Las miradas volvieron a ser extremadamente cómplices, como si se hubiese desencadenado una liberación que permitiese decir lo callado o simplemente gritar lo susurrado en campañas anteriores. Solo faltaban los bailarines en la fiesta. Todo era una gran orgía de emociones positivas. El tema lo coreaban todos: primero, las voces agudas y, después, nos pasaban el relevo a las graves. Todo era tremendamente festivo. A esto le sucedió un tema de tiempos largos de gran lirismo que parecía conceder al final una reflexión sobre el tiempo vivido y lo hermoso de la existencia. Y fueron estos los motivos que se conjugaron, se entrelazaron y se confundieron en el desarrollo de este jocoso movimiento hasta que, después de escalas ascendentes y descendentes de do mayor como torbellinos de aire fresco y las recapitulaciones oportunas necesarias para el gozo y el entendimiento, se llegó nuevamente al tema principal de toda la obra y, con él, al recordatorio de la crudeza de la vida, la otra cara de la moneda. Esta vez, con diferente métrica, pero con similar esencia, solo de manera escueta, sin extenderse, pues de recordar se trataba y no de exponer lo ya dicho anteriormente; para finalmente retomar el tema nervioso en un rapidísimo ascenso rítmico, piú mosso, que acabaría pletóricamente en tres acordes de do mayor, sin complejidades ni segundas interpretaciones más allá que la constatación de el fin ha llegado a su fin.

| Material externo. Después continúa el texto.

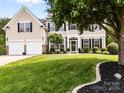 Lovely two-story home with a well-kept lawn, trimmed hedges, and an attached two-car garage at 1900 Birchbrook Ct, Harrisburg, NC 28075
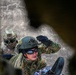 Two military personnel are visible in a tactical environment, photographed through a gap or opening in a structure. The foreground soldier wears a green FAST-style helmet, sunglasses, black tactical gloves, and a digital camouflage uniform, with one hand raised. A second soldier in the background wears a multicam uniform with a helmet and protective goggles.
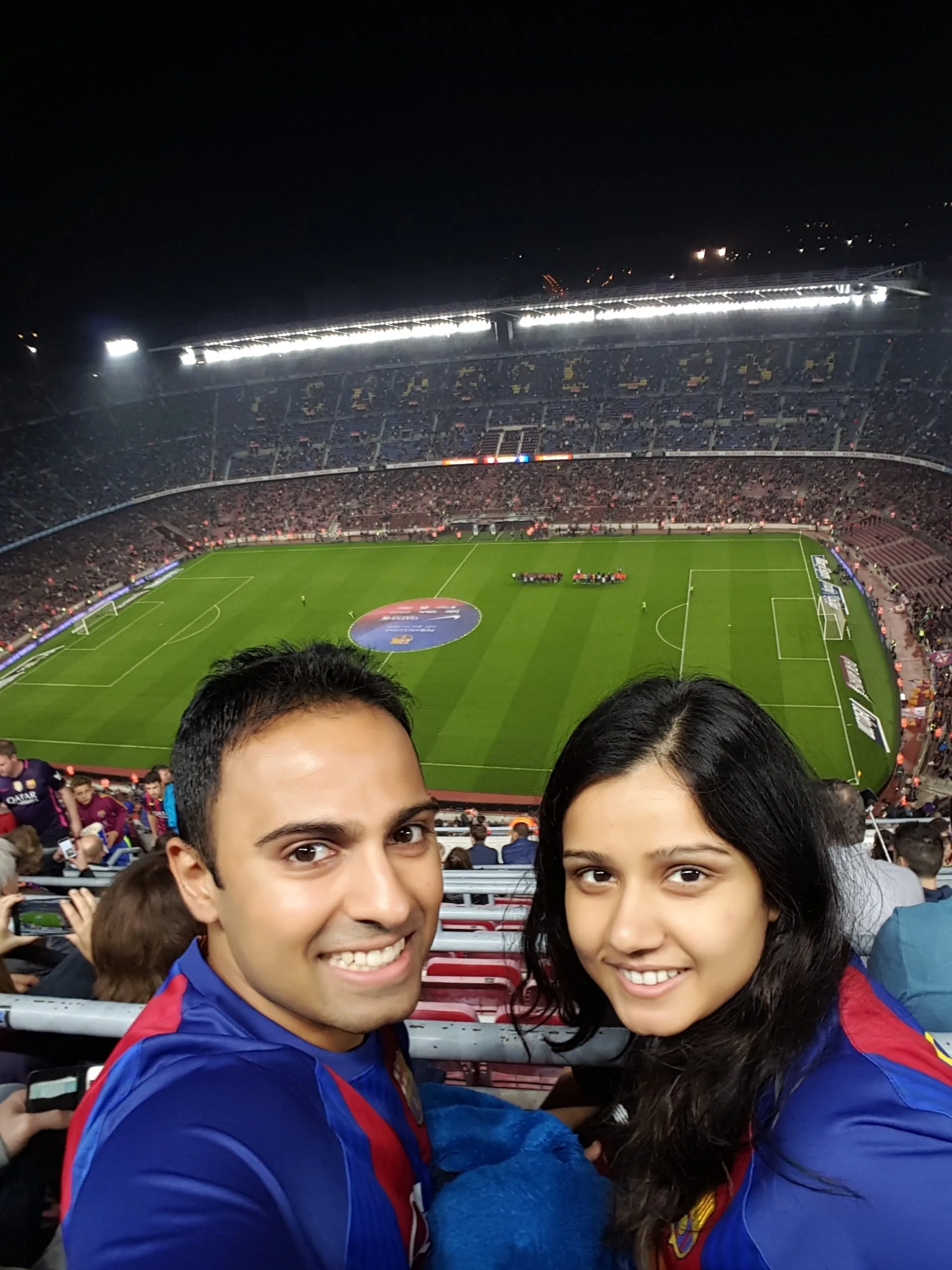 Two people in blue and red sports jerseys smiling at a crowded soccer stadium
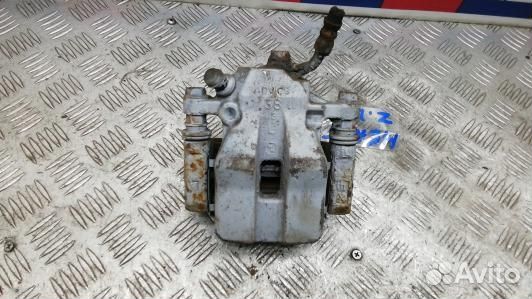 Суппорт тормозной задний левый toyota RAV 4 ZSA3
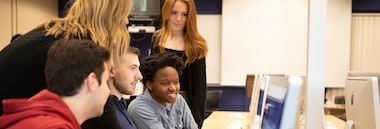 Group of students looking at computer screen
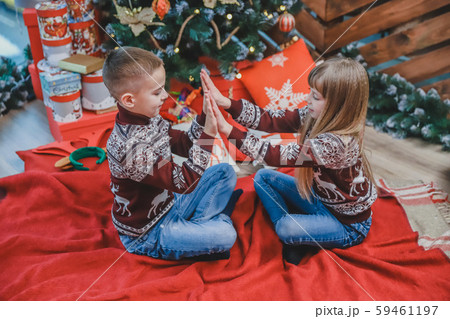 Portrait of boy and girl laughing, having fun together, playing clapping game over wooden Christmas 59461197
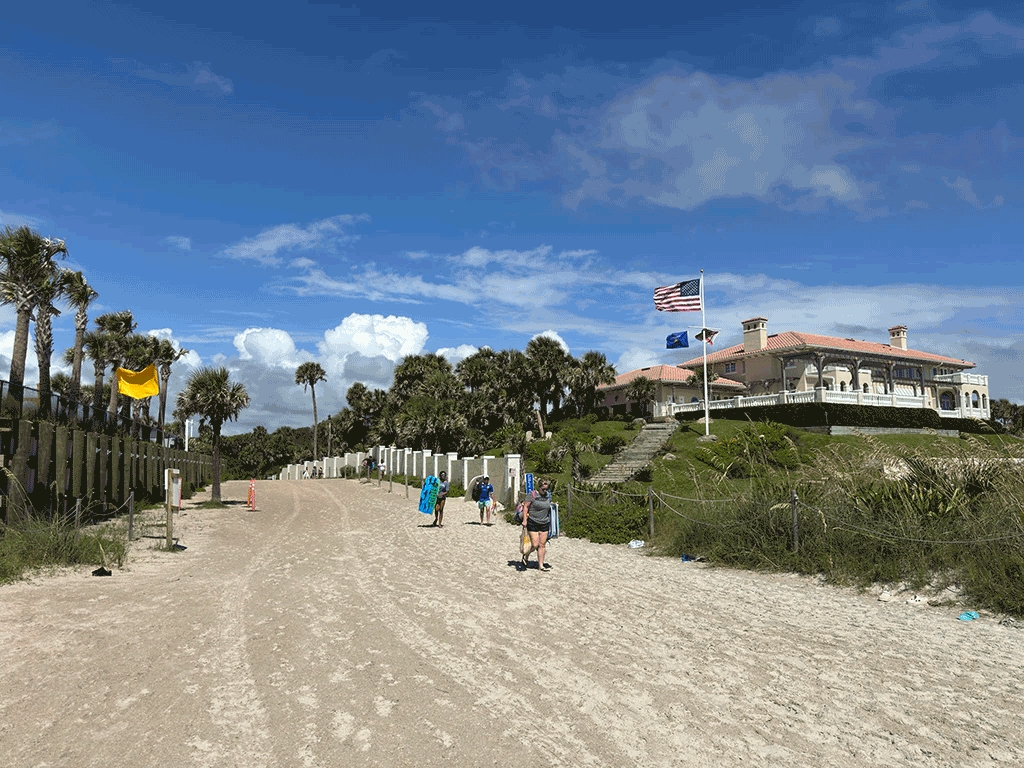 Several people walk down a beach access ramp toward the sand, with a clubhouse, palm trees, and waving flags in the background.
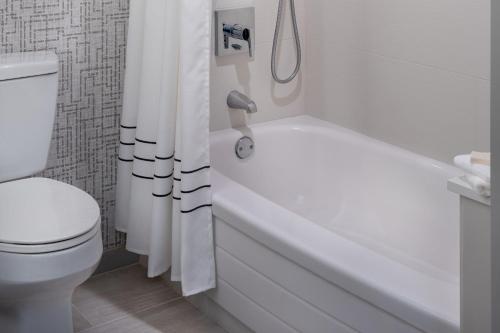 a bathroom with a white tub and a toilet at St. Petersburg Marriott Clearwater in St Petersburg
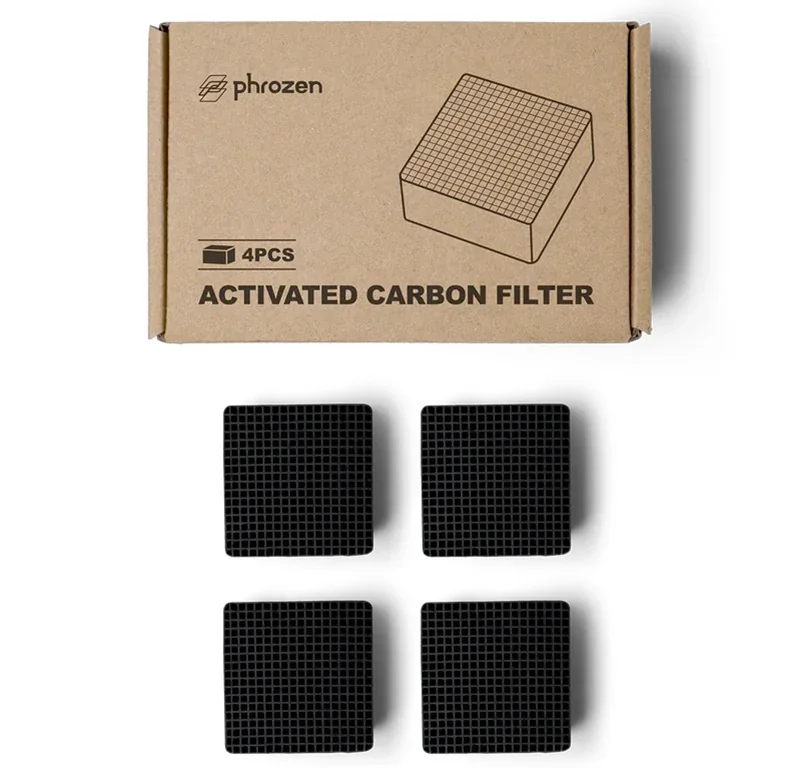 Phrozen Sonic XL 4K Plus activated carbon filters in black, with grid pattern, and branded box.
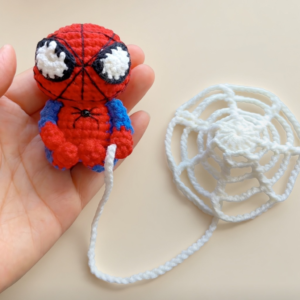 A small crocheted red-and-blue figure sitting in an open hand, with big white eyes edged in black, thin black lines across its red head and a small black spider on its chest, joined by a white chain thread to a round white crocheted web lying beside it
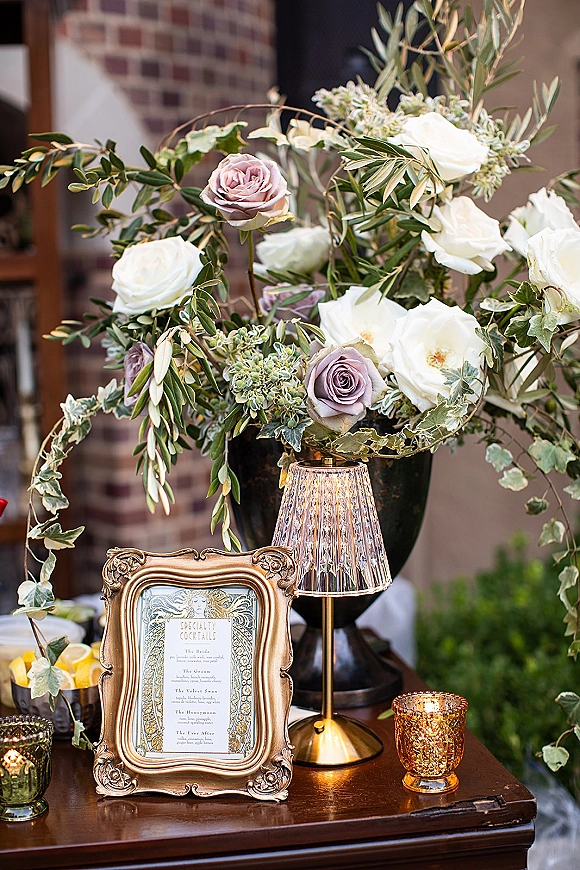 Cocktail table decor with a wedding cocktail menu sign in a gold frame, roses and ivy urn centerpiece, candles, and lemon slices by a brick wall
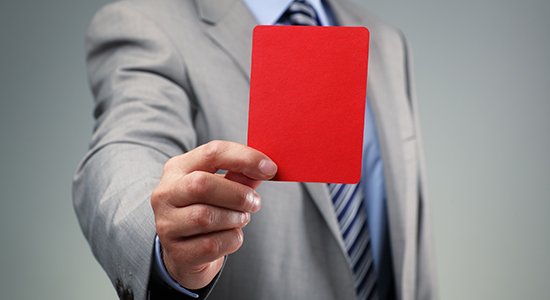 business man holds red card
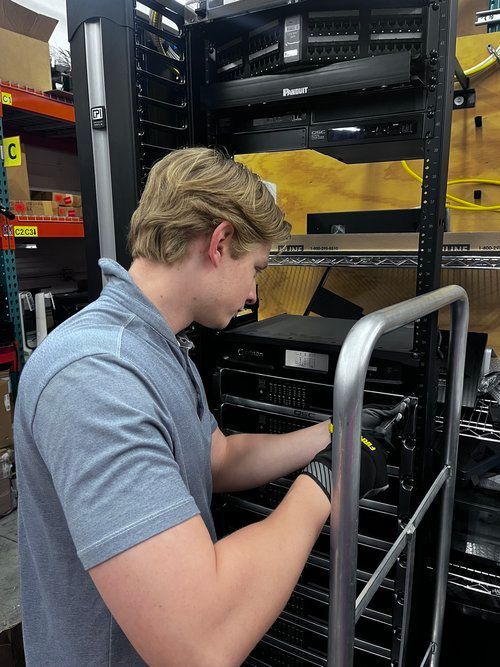 A man is working on a server rack in a warehouse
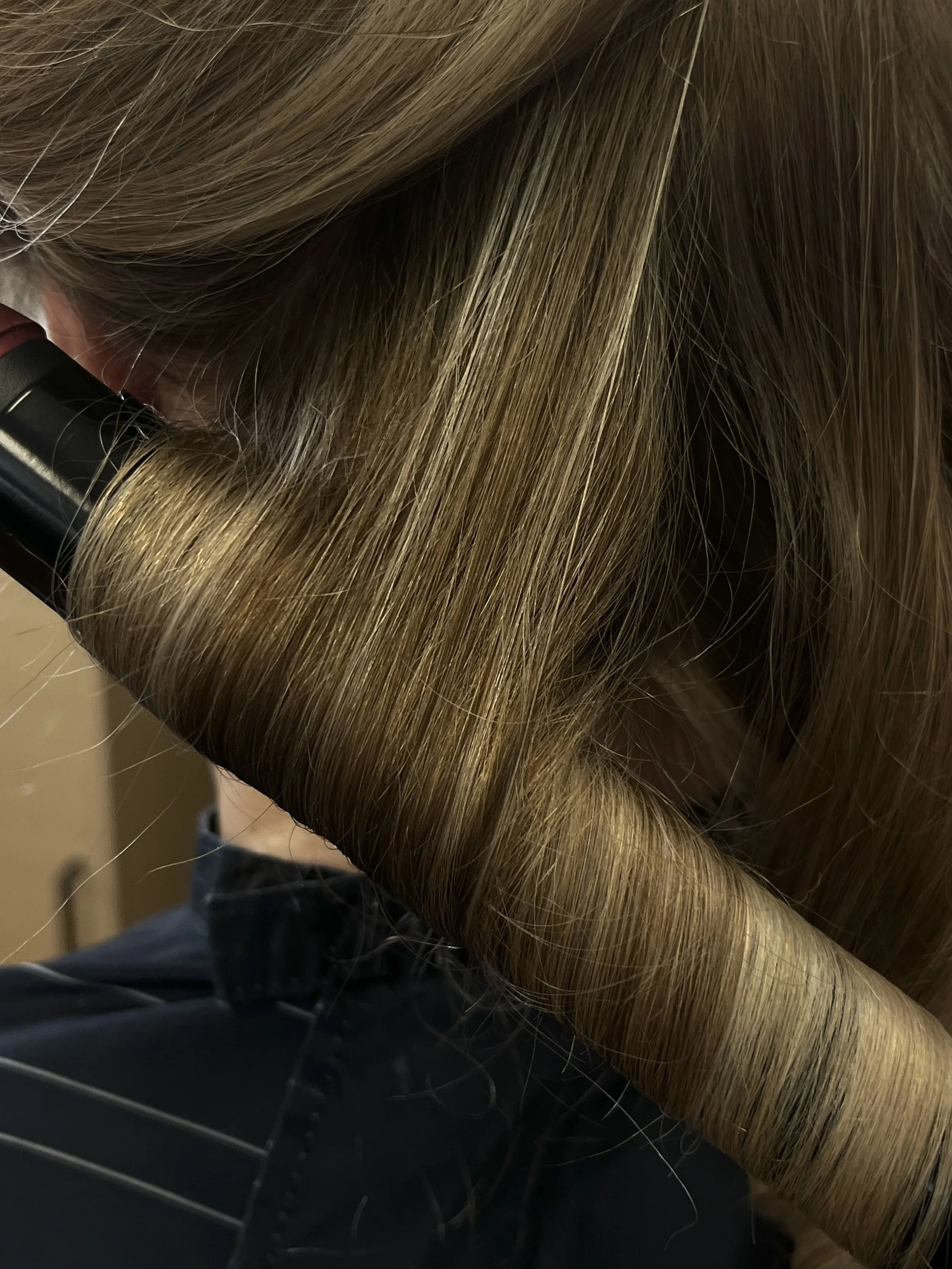 Close-up of a person with long, straight, light brown hair using a curling iron on their hair.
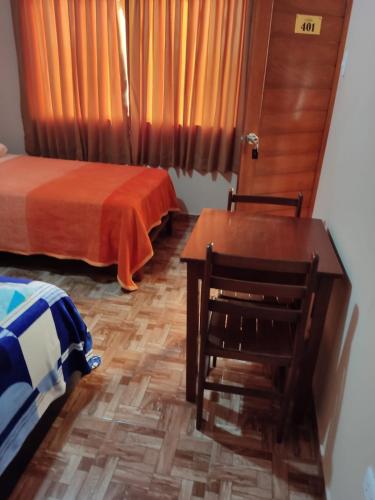 a bedroom with two beds and a table and chair at D' Barrig in Trujillo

Fue su final el inicio, como su inicio fue el final, porque tan indefensos como nacemos morimos. El silencio nos regaló su sonido durante unos segundos, antes de producirse una explosión de celebraciones de palmas con palmas chocantes, enérgicas, excitadas, que se unían al placer de nuestra interpretación y a la gloria del efímero momento. Hoy todavía resuena en mi memoria ese do mayor perenne que es en sí mismo un ejercicio de alzamiento a la injusticia humana y un acto de rebeldía universal.